(Beginning of Extracted information)

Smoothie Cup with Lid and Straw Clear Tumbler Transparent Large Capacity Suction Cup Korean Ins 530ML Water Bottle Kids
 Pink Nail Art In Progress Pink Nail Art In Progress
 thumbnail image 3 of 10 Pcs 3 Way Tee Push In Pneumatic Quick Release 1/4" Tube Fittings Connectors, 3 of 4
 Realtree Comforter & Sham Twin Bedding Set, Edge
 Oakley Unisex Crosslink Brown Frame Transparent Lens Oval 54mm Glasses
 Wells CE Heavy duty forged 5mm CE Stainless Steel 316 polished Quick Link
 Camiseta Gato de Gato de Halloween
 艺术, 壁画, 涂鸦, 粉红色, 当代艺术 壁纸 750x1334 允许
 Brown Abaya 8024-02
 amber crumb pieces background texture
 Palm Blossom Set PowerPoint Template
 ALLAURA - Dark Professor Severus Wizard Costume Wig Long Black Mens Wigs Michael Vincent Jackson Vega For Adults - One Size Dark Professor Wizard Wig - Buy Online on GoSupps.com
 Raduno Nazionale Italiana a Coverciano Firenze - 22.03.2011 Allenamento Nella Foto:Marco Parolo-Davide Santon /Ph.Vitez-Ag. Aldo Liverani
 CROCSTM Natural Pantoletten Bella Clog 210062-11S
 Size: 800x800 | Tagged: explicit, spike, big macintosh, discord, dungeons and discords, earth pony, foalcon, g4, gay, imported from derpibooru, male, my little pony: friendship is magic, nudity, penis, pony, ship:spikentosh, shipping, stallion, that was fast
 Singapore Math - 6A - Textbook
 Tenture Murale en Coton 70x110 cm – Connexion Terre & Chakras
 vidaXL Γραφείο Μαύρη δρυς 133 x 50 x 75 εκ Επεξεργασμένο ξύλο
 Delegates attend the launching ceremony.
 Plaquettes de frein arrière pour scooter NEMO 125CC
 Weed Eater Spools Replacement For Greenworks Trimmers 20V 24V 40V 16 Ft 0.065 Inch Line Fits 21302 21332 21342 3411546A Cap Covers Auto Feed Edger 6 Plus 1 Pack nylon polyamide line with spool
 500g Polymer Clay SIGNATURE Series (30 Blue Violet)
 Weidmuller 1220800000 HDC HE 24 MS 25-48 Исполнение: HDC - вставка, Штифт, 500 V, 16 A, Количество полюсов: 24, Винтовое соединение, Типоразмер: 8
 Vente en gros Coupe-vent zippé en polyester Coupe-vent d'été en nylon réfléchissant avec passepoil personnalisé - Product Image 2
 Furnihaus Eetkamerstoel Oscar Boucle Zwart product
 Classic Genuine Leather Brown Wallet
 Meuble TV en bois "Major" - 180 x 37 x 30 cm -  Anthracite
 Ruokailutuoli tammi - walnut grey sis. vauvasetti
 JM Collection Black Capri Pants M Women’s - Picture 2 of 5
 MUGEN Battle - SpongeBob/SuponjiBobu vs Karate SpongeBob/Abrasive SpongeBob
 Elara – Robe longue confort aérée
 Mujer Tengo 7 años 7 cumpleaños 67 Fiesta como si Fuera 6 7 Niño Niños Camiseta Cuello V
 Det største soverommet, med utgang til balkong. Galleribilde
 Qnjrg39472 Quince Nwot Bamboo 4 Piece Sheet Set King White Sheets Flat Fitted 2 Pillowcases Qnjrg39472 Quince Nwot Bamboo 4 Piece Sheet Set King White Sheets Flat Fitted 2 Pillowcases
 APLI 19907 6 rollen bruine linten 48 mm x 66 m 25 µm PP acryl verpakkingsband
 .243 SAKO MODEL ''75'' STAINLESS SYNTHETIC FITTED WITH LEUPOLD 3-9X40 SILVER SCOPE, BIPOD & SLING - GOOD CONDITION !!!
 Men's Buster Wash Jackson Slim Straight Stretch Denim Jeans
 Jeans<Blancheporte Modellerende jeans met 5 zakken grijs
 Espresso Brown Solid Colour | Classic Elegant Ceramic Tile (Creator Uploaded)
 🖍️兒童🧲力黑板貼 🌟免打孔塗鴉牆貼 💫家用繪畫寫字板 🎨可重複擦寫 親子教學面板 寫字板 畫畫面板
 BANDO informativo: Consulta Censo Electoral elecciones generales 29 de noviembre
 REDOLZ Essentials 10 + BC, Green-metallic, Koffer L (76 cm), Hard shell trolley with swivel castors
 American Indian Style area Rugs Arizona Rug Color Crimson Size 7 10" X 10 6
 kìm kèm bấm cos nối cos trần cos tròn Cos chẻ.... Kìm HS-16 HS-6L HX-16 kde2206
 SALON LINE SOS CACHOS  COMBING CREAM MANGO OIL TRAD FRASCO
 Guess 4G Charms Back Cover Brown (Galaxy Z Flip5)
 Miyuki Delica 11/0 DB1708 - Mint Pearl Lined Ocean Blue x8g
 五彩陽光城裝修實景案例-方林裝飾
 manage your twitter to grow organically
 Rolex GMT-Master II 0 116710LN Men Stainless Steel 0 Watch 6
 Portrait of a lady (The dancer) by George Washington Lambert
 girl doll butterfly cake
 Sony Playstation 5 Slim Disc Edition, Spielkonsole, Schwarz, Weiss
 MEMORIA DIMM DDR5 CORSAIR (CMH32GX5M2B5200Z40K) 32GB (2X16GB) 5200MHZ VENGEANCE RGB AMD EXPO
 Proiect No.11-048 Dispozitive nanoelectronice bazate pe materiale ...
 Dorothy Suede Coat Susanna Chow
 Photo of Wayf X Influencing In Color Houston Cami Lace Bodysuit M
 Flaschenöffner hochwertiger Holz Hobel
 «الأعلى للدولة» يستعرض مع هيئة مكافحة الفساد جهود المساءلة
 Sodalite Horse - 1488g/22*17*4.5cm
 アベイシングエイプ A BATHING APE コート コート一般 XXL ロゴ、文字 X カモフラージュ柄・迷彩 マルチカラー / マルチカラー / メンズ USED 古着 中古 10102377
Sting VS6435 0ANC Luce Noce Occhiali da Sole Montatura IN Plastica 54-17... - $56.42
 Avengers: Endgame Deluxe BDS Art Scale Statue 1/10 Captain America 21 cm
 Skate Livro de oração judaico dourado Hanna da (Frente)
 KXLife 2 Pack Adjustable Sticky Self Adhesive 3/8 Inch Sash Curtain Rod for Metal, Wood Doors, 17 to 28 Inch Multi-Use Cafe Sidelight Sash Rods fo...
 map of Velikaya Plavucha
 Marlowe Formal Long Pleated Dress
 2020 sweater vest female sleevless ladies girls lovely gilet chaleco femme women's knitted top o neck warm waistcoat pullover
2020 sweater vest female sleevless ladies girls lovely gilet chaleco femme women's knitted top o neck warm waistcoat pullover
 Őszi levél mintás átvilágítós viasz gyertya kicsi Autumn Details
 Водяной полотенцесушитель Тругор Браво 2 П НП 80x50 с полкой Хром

(End of Extracted information)

_Requirement:_ Output the data above exactly, please, line for line.

_Result below:_
Smoothie Cup with Lid and Straw Clear Tumbler Transparent Large Capacity Suction Cup Korean Ins 530ML Water Bottle Kids
 Pink Nail Art In Progress Pink Nail Art In Progress
 thumbnail image 3 of 10 Pcs 3 Way Tee Push In Pneumatic Quick Release 1/4" Tube Fittings Connectors, 3 of 4
 Realtree Comforter & Sham Twin Bedding Set, Edge
 Oakley Unisex Crosslink Brown Frame Transparent Lens Oval 54mm Glasses
 Wells CE Heavy duty forged 5mm CE Stainless Steel 316 polished Quick Link
 Camiseta Gato de Gato de Halloween
 艺术, 壁画, 涂鸦, 粉红色, 当代艺术 壁纸 750x1334 允许
 Brown Abaya 8024-02
 amber crumb pieces background texture
 Palm Blossom Set PowerPoint Template
 ALLAURA - Dark Professor Severus Wizard Costume Wig Long Black Mens Wigs Michael Vincent Jackson Vega For Adults - One Size Dark Professor Wizard Wig - Buy Online on GoSupps.com
 Raduno Nazionale Italiana a Coverciano Firenze - 22.03.2011 Allenamento Nella Foto:Marco Parolo-Davide Santon /Ph.Vitez-Ag. Aldo Liverani
 CROCSTM Natural Pantoletten Bella Clog 210062-11S
 Size: 800x800 | Tagged: explicit, spike, big macintosh, discord, dungeons and discords, earth pony, foalcon, g4, gay, imported from derpibooru, male, my little pony: friendship is magic, nudity, penis, pony, ship:spikentosh, shipping, stallion, that was fast
 Singapore Math - 6A - Textbook
 Tenture Murale en Coton 70x110 cm – Connexion Terre & Chakras
 vidaXL Γραφείο Μαύρη δρυς 133 x 50 x 75 εκ Επεξεργασμένο ξύλο
 Delegates attend the launching ceremony.
 Plaquettes de frein arrière pour scooter NEMO 125CC
 Weed Eater Spools Replacement For Greenworks Trimmers 20V 24V 40V 16 Ft 0.065 Inch Line Fits 21302 21332 21342 3411546A Cap Covers Auto Feed Edger 6 Plus 1 Pack nylon polyamide line with spool
 500g Polymer Clay SIGNATURE Series (30 Blue Violet)
 Weidmuller 1220800000 HDC HE 24 MS 25-48 Исполнение: HDC - вставка, Штифт, 500 V, 16 A, Количество полюсов: 24, Винтовое соединение, Типоразмер: 8
 Vente en gros Coupe-vent zippé en polyester Coupe-vent d'été en nylon réfléchissant avec passepoil personnalisé - Product Image 2
 Furnihaus Eetkamerstoel Oscar Boucle Zwart product
 Classic Genuine Leather Brown Wallet
 Meuble TV en bois "Major" - 180 x 37 x 30 cm -  Anthracite
 Ruokailutuoli tammi - walnut grey sis. vauvasetti
 JM Collection Black Capri Pants M Women’s - Picture 2 of 5
 MUGEN Battle - SpongeBob/SuponjiBobu vs Karate SpongeBob/Abrasive SpongeBob
 Elara – Robe longue confort aérée
 Mujer Tengo 7 años 7 cumpleaños 67 Fiesta como si Fuera 6 7 Niño Niños Camiseta Cuello V
 Det største soverommet, med utgang til balkong. Galleribilde
 Qnjrg39472 Quince Nwot Bamboo 4 Piece Sheet Set King White Sheets Flat Fitted 2 Pillowcases Qnjrg39472 Quince Nwot Bamboo 4 Piece Sheet Set King White Sheets Flat Fitted 2 Pillowcases
 APLI 19907 6 rollen bruine linten 48 mm x 66 m 25 µm PP acryl verpakkingsband
 .243 SAKO MODEL ''75'' STAINLESS SYNTHETIC FITTED WITH LEUPOLD 3-9X40 SILVER SCOPE, BIPOD & SLING - GOOD CONDITION !!!
 Men's Buster Wash Jackson Slim Straight Stretch Denim Jeans
 Jeans<Blancheporte Modellerende jeans met 5 zakken grijs
 Espresso Brown Solid Colour | Classic Elegant Ceramic Tile (Creator Uploaded)
 🖍️兒童🧲力黑板貼 🌟免打孔塗鴉牆貼 💫家用繪畫寫字板 🎨可重複擦寫 親子教學面板 寫字板 畫畫面板
 BANDO informativo: Consulta Censo Electoral elecciones generales 29 de noviembre
 REDOLZ Essentials 10 + BC, Green-metallic, Koffer L (76 cm), Hard shell trolley with swivel castors
 American Indian Style area Rugs Arizona Rug Color Crimson Size 7 10" X 10 6
 kìm kèm bấm cos nối cos trần cos tròn Cos chẻ.... Kìm HS-16 HS-6L HX-16 kde2206
 SALON LINE SOS CACHOS  COMBING CREAM MANGO OIL TRAD FRASCO
 Guess 4G Charms Back Cover Brown (Galaxy Z Flip5)
 Miyuki Delica 11/0 DB1708 - Mint Pearl Lined Ocean Blue x8g
 五彩陽光城裝修實景案例-方林裝飾
 manage your twitter to grow organically
 Rolex GMT-Master II 0 116710LN Men Stainless Steel 0 Watch 6
 Portrait of a lady (The dancer) by George Washington Lambert
 girl doll butterfly cake
 Sony Playstation 5 Slim Disc Edition, Spielkonsole, Schwarz, Weiss
 MEMORIA DIMM DDR5 CORSAIR (CMH32GX5M2B5200Z40K) 32GB (2X16GB) 5200MHZ VENGEANCE RGB AMD EXPO
 Proiect No.11-048 Dispozitive nanoelectronice bazate pe materiale ...
 Dorothy Suede Coat Susanna Chow
 Photo of Wayf X Influencing In Color Houston Cami Lace Bodysuit M
 Flaschenöffner hochwertiger Holz Hobel
 «الأعلى للدولة» يستعرض مع هيئة مكافحة الفساد جهود المساءلة
 Sodalite Horse - 1488g/22*17*4.5cm
 アベイシングエイプ A BATHING APE コート コート一般 XXL ロゴ、文字 X カモフラージュ柄・迷彩 マルチカラー / マルチカラー / メンズ USED 古着 中古 10102377
Sting VS6435 0ANC Luce Noce Occhiali da Sole Montatura IN Plastica 54-17... - $56.42
 Avengers: Endgame Deluxe BDS Art Scale Statue 1/10 Captain America 21 cm
 Skate Livro de oração judaico dourado Hanna da (Frente)
 KXLife 2 Pack Adjustable Sticky Self Adhesive 3/8 Inch Sash Curtain Rod for Metal, Wood Doors, 17 to 28 Inch Multi-Use Cafe Sidelight Sash Rods fo...
 map of Velikaya Plavucha
 Marlowe Formal Long Pleated Dress
 2020 sweater vest female sleevless ladies girls lovely gilet chaleco femme women's knitted top o neck warm waistcoat pullover
2020 sweater vest female sleevless ladies girls lovely gilet chaleco femme women's knitted top o neck warm waistcoat pullover
 Őszi levél mintás átvilágítós viasz gyertya kicsi Autumn Details
 Водяной полотенцесушитель Тругор Браво 2 П НП 80x50 с полкой Хром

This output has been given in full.